6. The display device of claim 5 , wherein, when at least one of a first difference between the first limit value and the third limit value and a second difference between the second limit value and the fourth limit value is larger than a second reference value, the second compensator sets a brightness value in the area between the first inflection point and the second inflection point by interpolating a first brightness value at the first inflection point and a second brightness value at the second inflection point, and corrects a data value corresponding to the boundary region among the first corrected image data, by using the brightness equation, the first brightness value, and the second brightness value.
This invention relates to display devices, specifically addressing brightness compensation in boundary regions between different display areas. The problem solved involves ensuring smooth brightness transitions in areas where display characteristics change abruptly, such as between high-brightness and low-brightness regions. The device includes a compensator that adjusts brightness values in boundary regions by interpolating between predefined brightness values at inflection points. When the difference between limit values defining these regions exceeds a reference threshold, the compensator applies a brightness equation to correct data values in the boundary region. The interpolation ensures gradual brightness changes, preventing visible artifacts. The compensator uses first and second brightness values at the inflection points to generate a smooth transition, enhancing visual quality. This approach is particularly useful in displays with varying brightness zones, such as those with local dimming or adaptive backlighting, where abrupt brightness changes can degrade image quality. The invention improves uniformity and reduces flicker or banding in boundary regions.
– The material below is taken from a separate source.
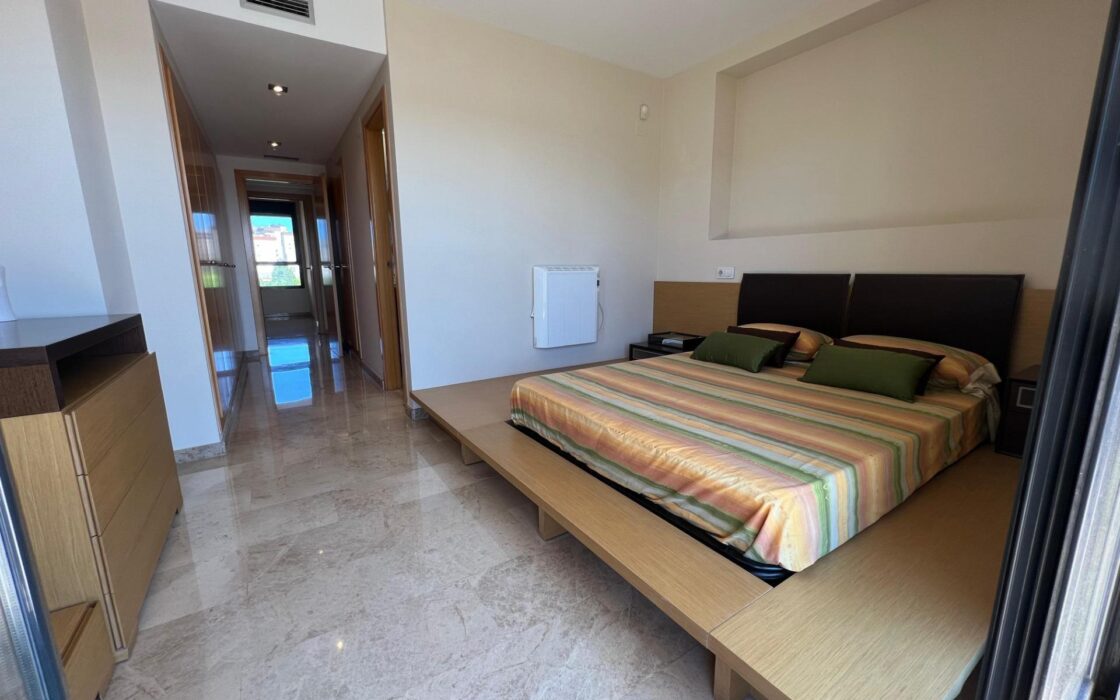 Апартаменты 161 кв.м с террасой в Валенсии, Campanar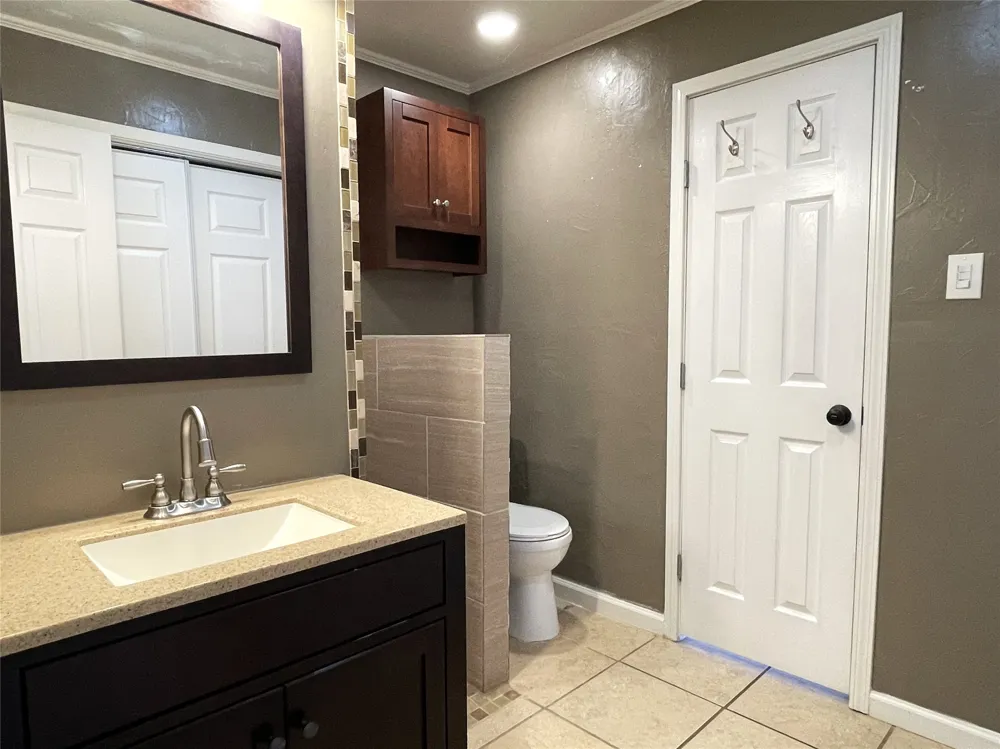 3 Circle Drive Teague, TX 75860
7. The display device of claim 2 , wherein the first compensator generates correction data corresponding to the image data by interpolating the correction values, and generates the first corrected image data by adding the image data to the correction data.
This invention relates to display devices, specifically addressing the problem of image distortion caused by manufacturing variations in display panels. The device includes a display panel with multiple pixels, a first compensator, and a second compensator. The first compensator generates correction data by interpolating correction values stored in a lookup table, which are derived from measured characteristics of the display panel. The interpolated correction data is then added to the original image data to produce first corrected image data, compensating for panel-specific distortions. The second compensator further processes this corrected data to account for environmental factors like temperature or aging, ensuring consistent image quality over time. The combined compensation stages improve display uniformity and accuracy by dynamically adjusting for both static and dynamic distortions. The system is particularly useful in high-precision applications like medical imaging or professional displays where color and brightness consistency are critical. The interpolation method allows for efficient correction without excessive memory usage, balancing performance and resource requirements.
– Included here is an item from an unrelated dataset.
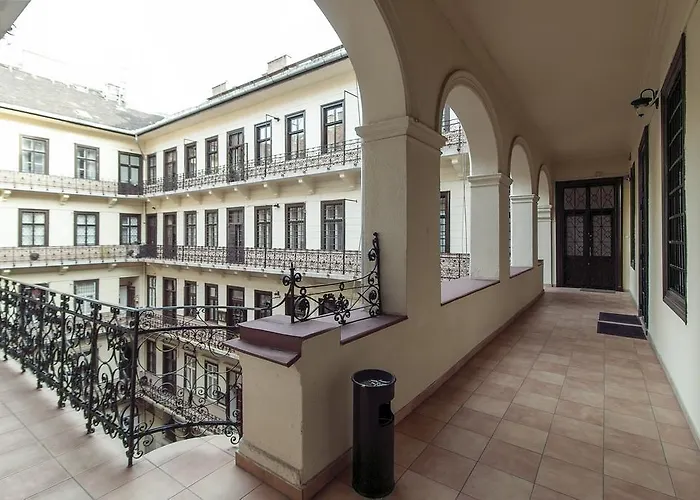 Apartament Little Americas Oktogon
8. The display device of claim 1 , wherein the substrate further includes a third region located at the side of the first region, the third region being spaced apart from the second region, wherein the display unit further includes third pixels in the third region and third gate lines in the third region are connected to the third pixels.
A display device includes a substrate with multiple regions and corresponding display units. The substrate has a first region with first pixels and first gate lines connected to the first pixels, and a second region with second pixels and second gate lines connected to the second pixels. The second region is spaced apart from the first region. The substrate further includes a third region located at the side of the first region, spaced apart from the second region. The display unit in the third region includes third pixels and third gate lines connected to the third pixels. The display device may also include a gate driver circuit connected to the first, second, and third gate lines to control the pixels in each region. The third region allows for additional display functionality or expansion of the display area, ensuring proper electrical connections and control of the pixels within the third region. This configuration enables flexible display designs with multiple distinct regions, each independently controlled by the gate driver circuit. The third region can be used for additional display content, sensor integration, or other functional extensions while maintaining spatial separation from the second region.
9. The display device of claim 8 , wherein the display unit further includes connection lines connecting some of the first gate lines and some of the second gate lines, wherein the connection lines form a parasitic capacitor by being overlapped with a power line.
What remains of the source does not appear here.